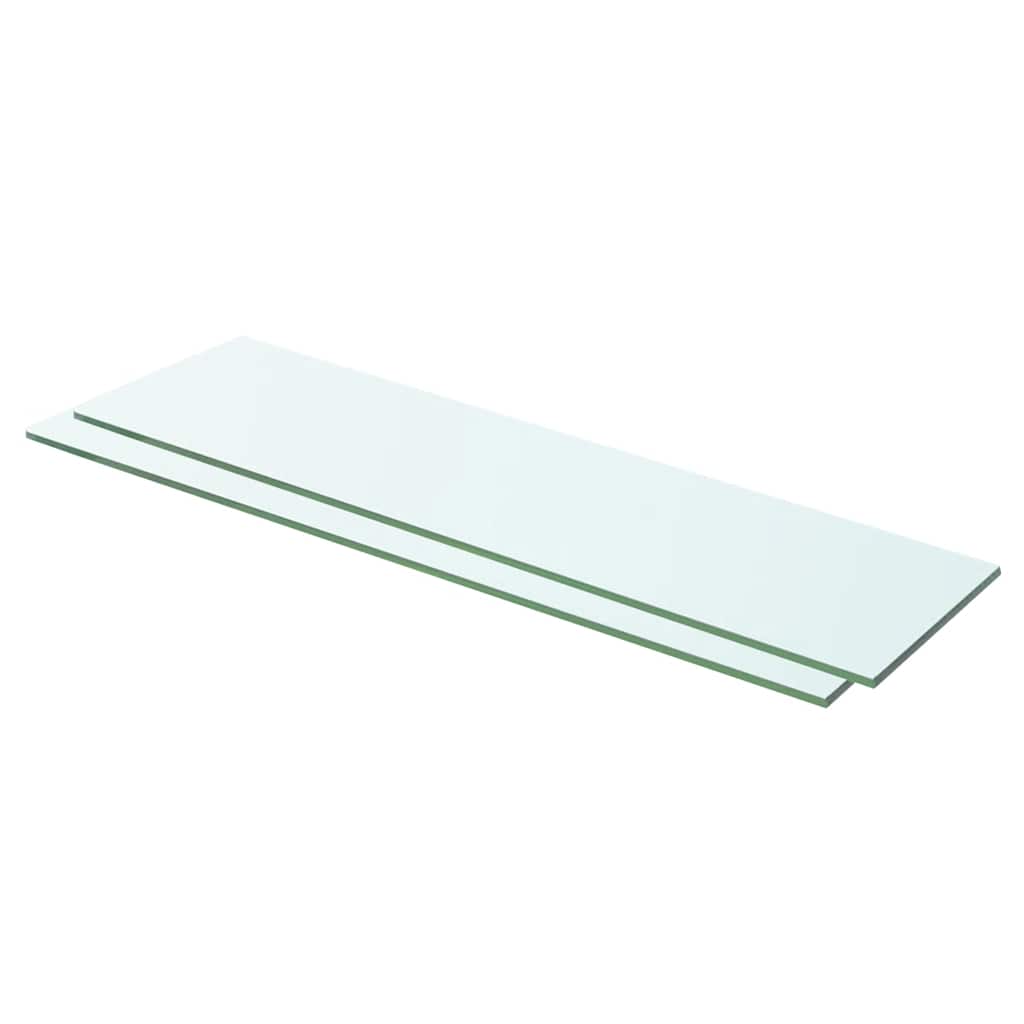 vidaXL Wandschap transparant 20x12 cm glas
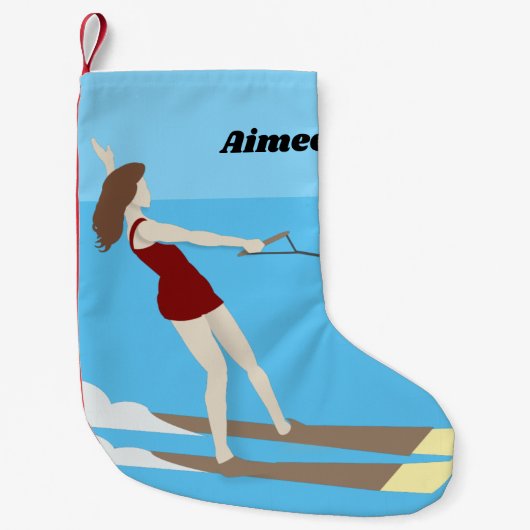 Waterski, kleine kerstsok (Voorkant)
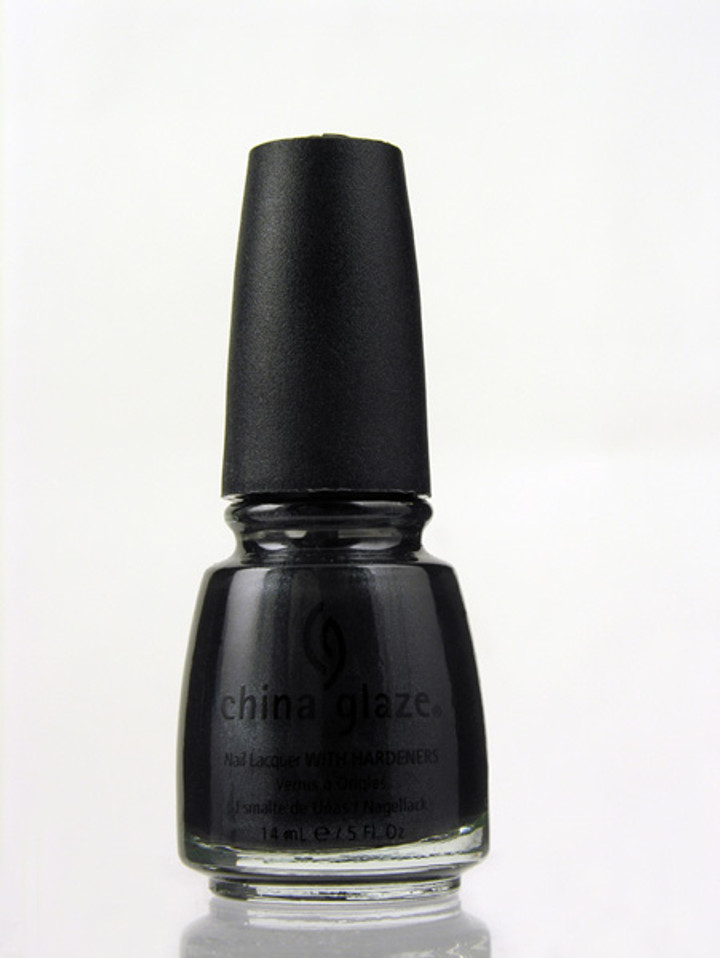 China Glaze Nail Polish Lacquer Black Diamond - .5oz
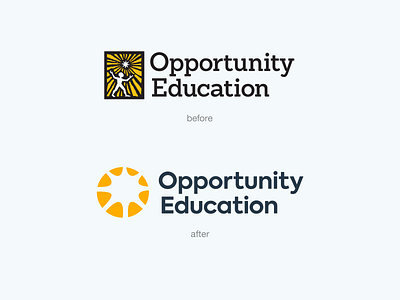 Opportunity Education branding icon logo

▶ _What is needed_
Leaving the pictures aside, copy exactly and only the lines from the one holding "Waterski, kleine kerstsok (Voorkant)" through the final line of the data, both ends kept.

▶ _Solution for this problem_
 Waterski, kleine kerstsok (Voorkant)
 China Glaze Nail Polish Lacquer Black Diamond - .5oz
 Opportunity Education branding icon logo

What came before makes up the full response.